Saturday, August 26, 2006
Weapons Of Mass Destruction (IBM Style)
I know this is hard to believe but it was 25 years ago (August of 1981) that IBM introduced the world to probably the finest WMD of all time.
I'll bet Saddam wishes he had invented it first, this thing beats a Scud by a million miles
It had a couple of names, the official name was the IBM 5150, the regular guy in the street called it the "PC".
IBM claimed that the PC was the answer to everyone's needs. At last you could have a computer on your desk, better still, it was at an affordable price. The adverts stated that you too could join the computer age for under $2000.
It turned out that the truth was slightly different. To use an automotive analogy, the PC came with a number of 'optional extras', among them wheels, engine, seats, and brakes!

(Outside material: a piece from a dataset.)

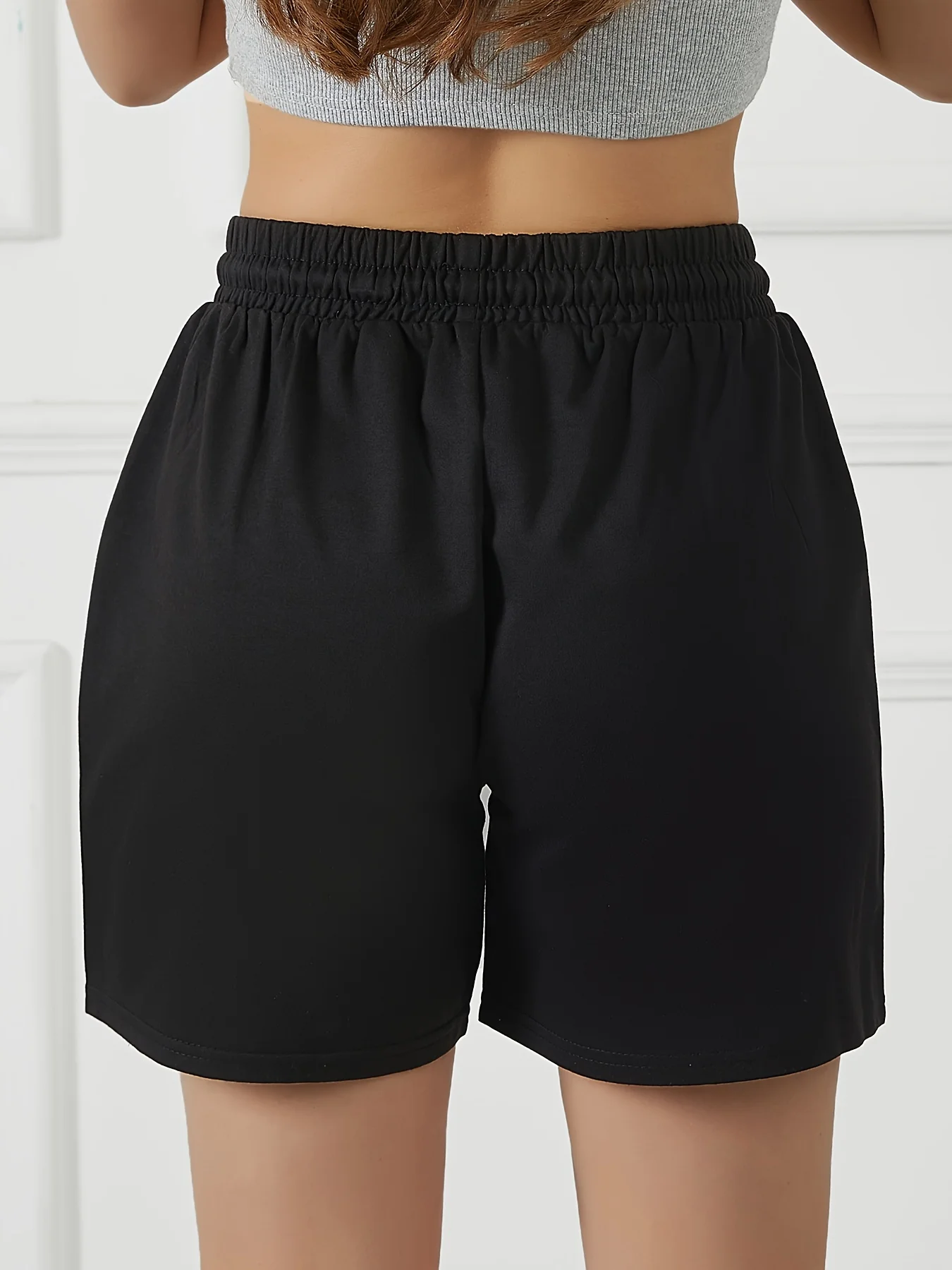Ladies' Front Pocket Waist Drawstring Sports Pants for Casual Running and Exercise, Pure Cotton Shorts 4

Without the optional extras you had a car that did not go far.
The upshot was that after paying about $5000 you actually had a computer. Unfortunately in their haste to get to market IBM had forgotten a couple of bits to the jigsaw puzzle.
They had absolutely no programs to run on it except the operating system that our good buddy Bill had purloined from Tim Patterson.

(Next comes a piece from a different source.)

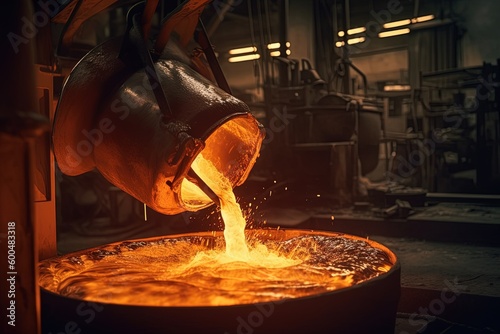 Liquid iron molten metal pouring in container, industrial metallurgical factory, foundry cast, heavy industry background. Generative AI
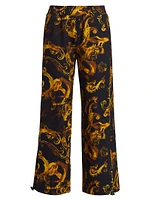 Filigree Print Straight-Leg Pants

And although IBM's main thrust was to sell these machines to companies that already owned IBM Mainframes there was no way to connect a PC to a Mainframe.

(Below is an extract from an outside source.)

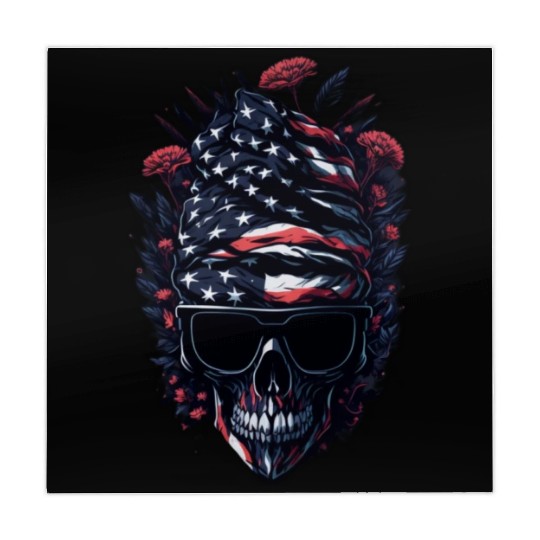 Theblack skull patriotic USA Mahjong Mats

These minor issues did not dent sales. IBM had projected to sell 250,000 units in year one, and if they did, they were set to turn a tidy profit. They actually sold 3 million units in year one!
IBM was in heaven, they had cracked the personal computer market!
incidentally Bill was not doing bad either. The agreement that he had with IBM was that they would pay $20 per copy of DOS. So our good buddy Bill who had purchased DOS from Tim Patterson for $50,000 got $60 Million in revenue in year one! Now that's what I call a return on investment!